古本屋の覚え書き

古い書評&今週の一曲

テレビ番組の存在論

 あなたがテレビ番組の『ペイウォッチ』を見ているとする。さて『ペイウォッチ』はどこに局在しているのだろうか? テレビの画面で光っている燐光体のなかにあるのか、ブラウン管のなかを走っている電子のなかにあるのか。それとも番組を放送しているスタジオの映画用フィルムやビデオテープのなかだろうか。あるいは俳優にむけられたカメラのなかか?
 たいていの人は即座にこれが無意味な質問であると気づくだろう。もしかすると、『ペイウォッチ』はどこか一カ所に局在しているのではなく(すなわち『ペイウォッチ』の「モジュール」というものは存在せず)、全宇宙に浸透しているのだという結論をだしたくなった人もいるかもしれない。だがそれもばかげている。それは月や、私の飼い猫や、私が座っているソファには局在していないからだ(電磁波の一部がこれらに到達することはあるかもしれないが)。
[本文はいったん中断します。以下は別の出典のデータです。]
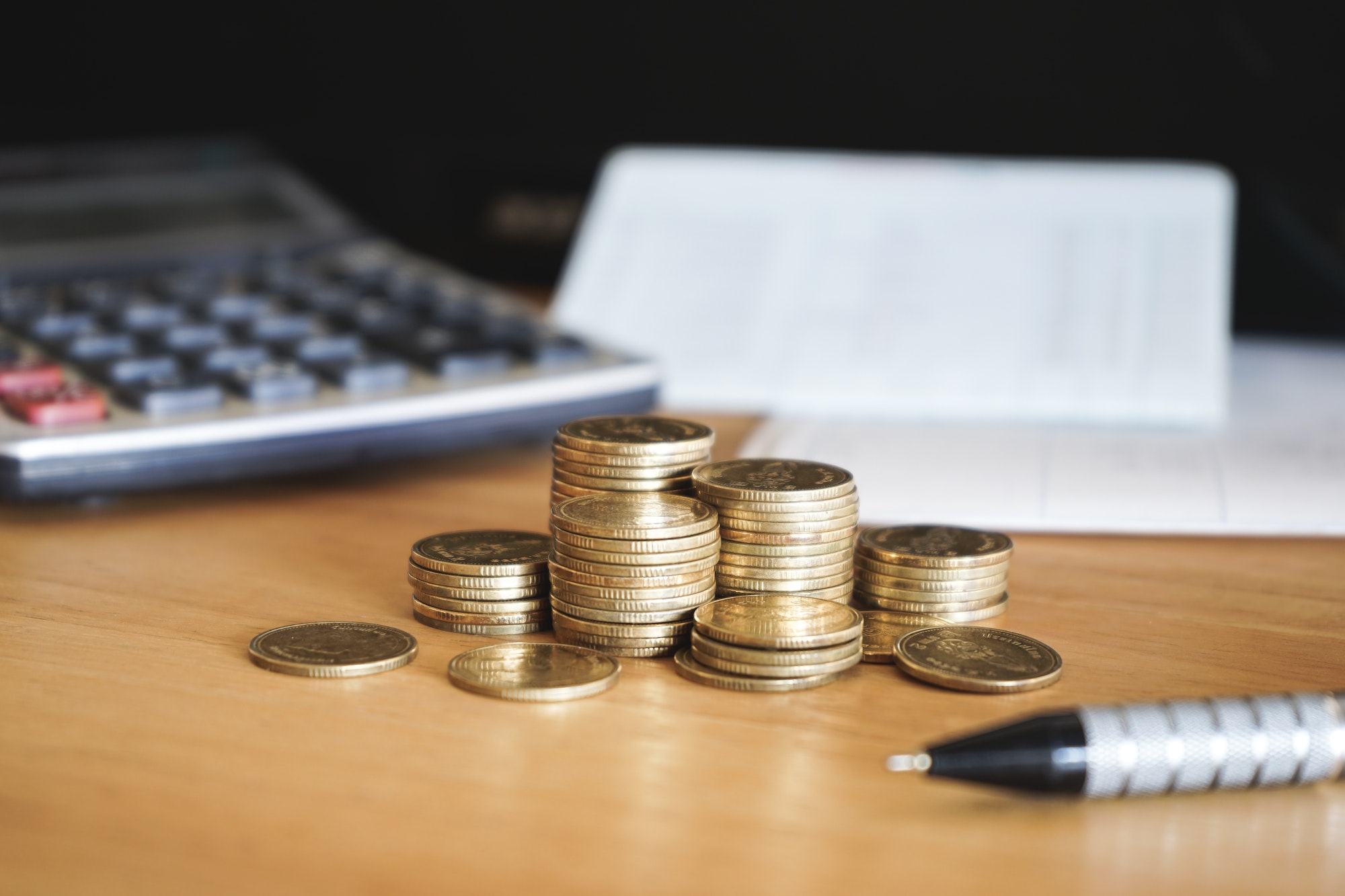 Stack of gold money coin on wood desk with calculator and pen. Business and financial concept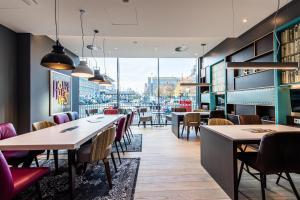 a restaurant with tables and chairs and a view of a city at Premier Inn Essen City Centre in Essen
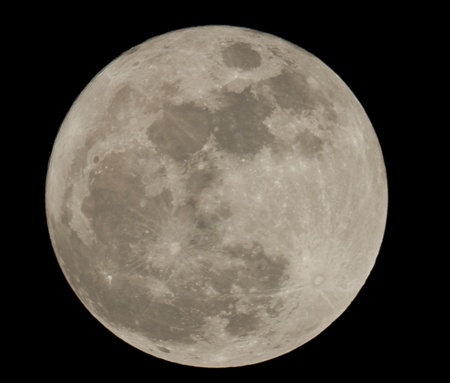 Full moon closeup showing the details of the lunar surfaceの写真素材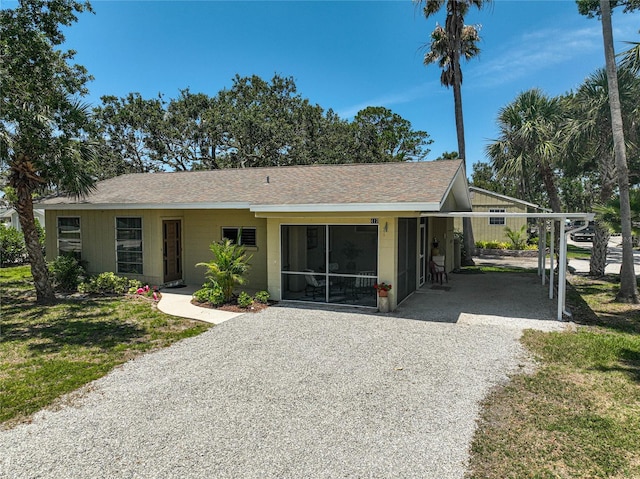 417 Shore Rd Unit A & B, Nokomis, FL 34275 - ranch-style house with driveway, a shingled roof, a carport, and a front yard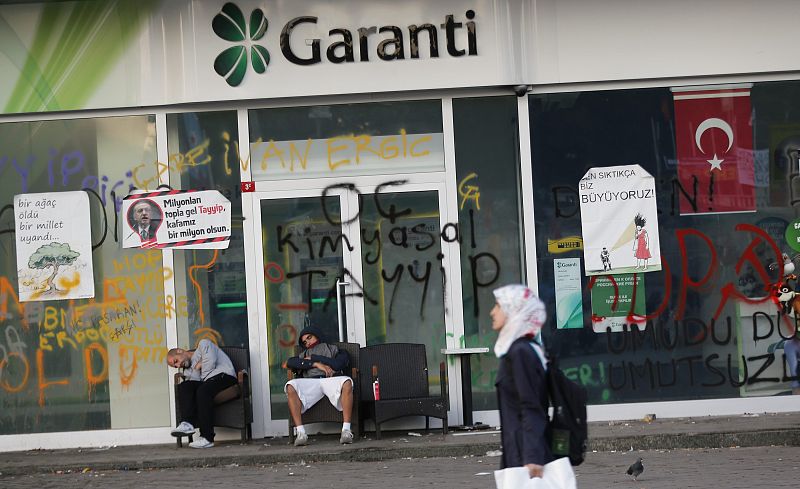 Tras una noche de disturbios, dos manifestantes descansan ante una sucursal de Garanti Bank en Estambul.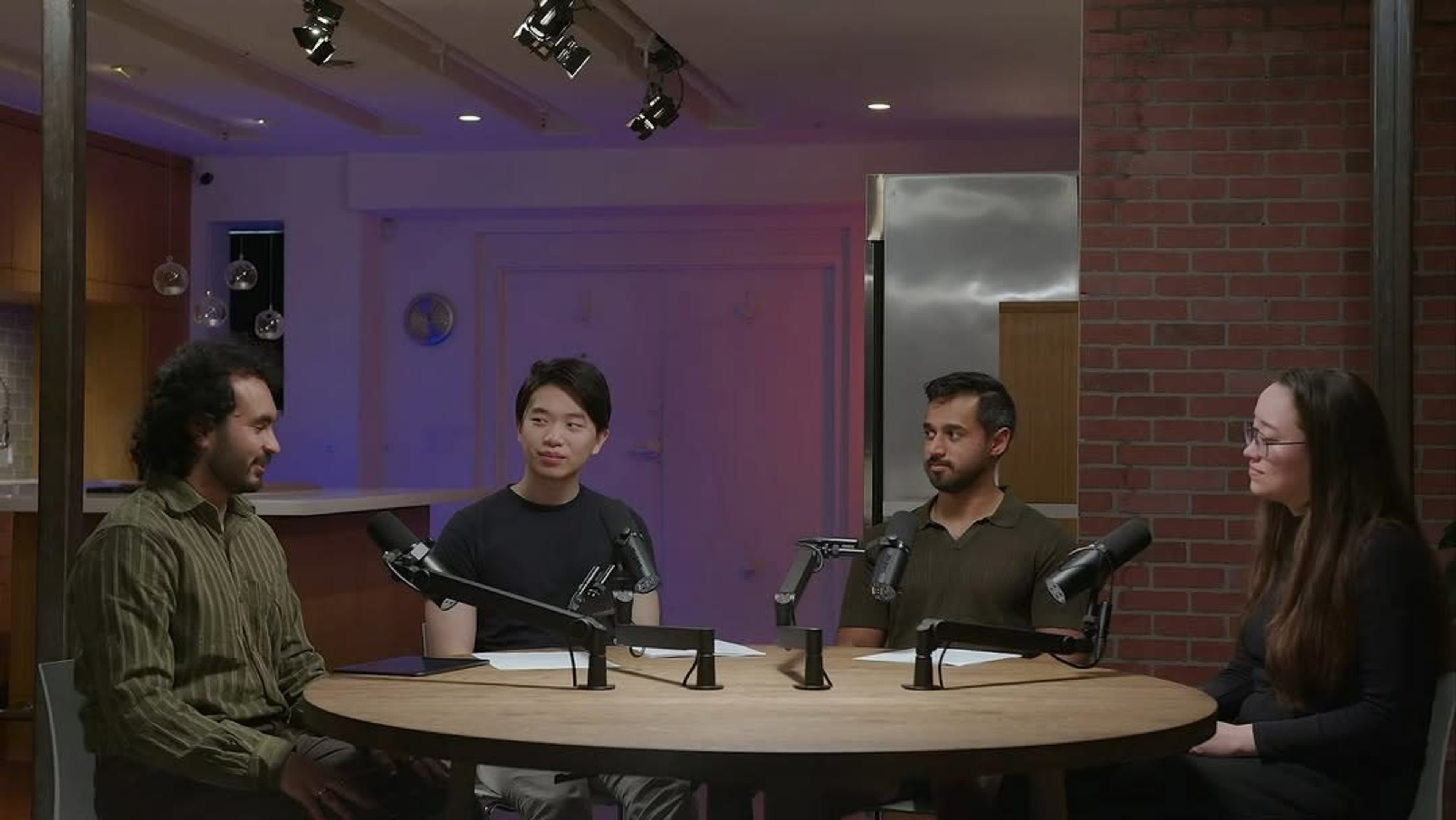 Four individuals sit at a circular table with microphones in a well-lit room featuring a modern design.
燐光体やブラウン管や電磁波やフィルムやテープは、どれもみなあきらかに、月や椅子や私の猫にくらべれば、私たちが『ペイウォッチ』と呼んでいるシナリオに直接的な関係がある。
 この例から、テレビ番組がどんなものかを理解すれば、「局在性か非局在性か」という疑問が力を失い、それに代わって「どういう仕組みになっているのか」という疑問がでてくるのがわかる。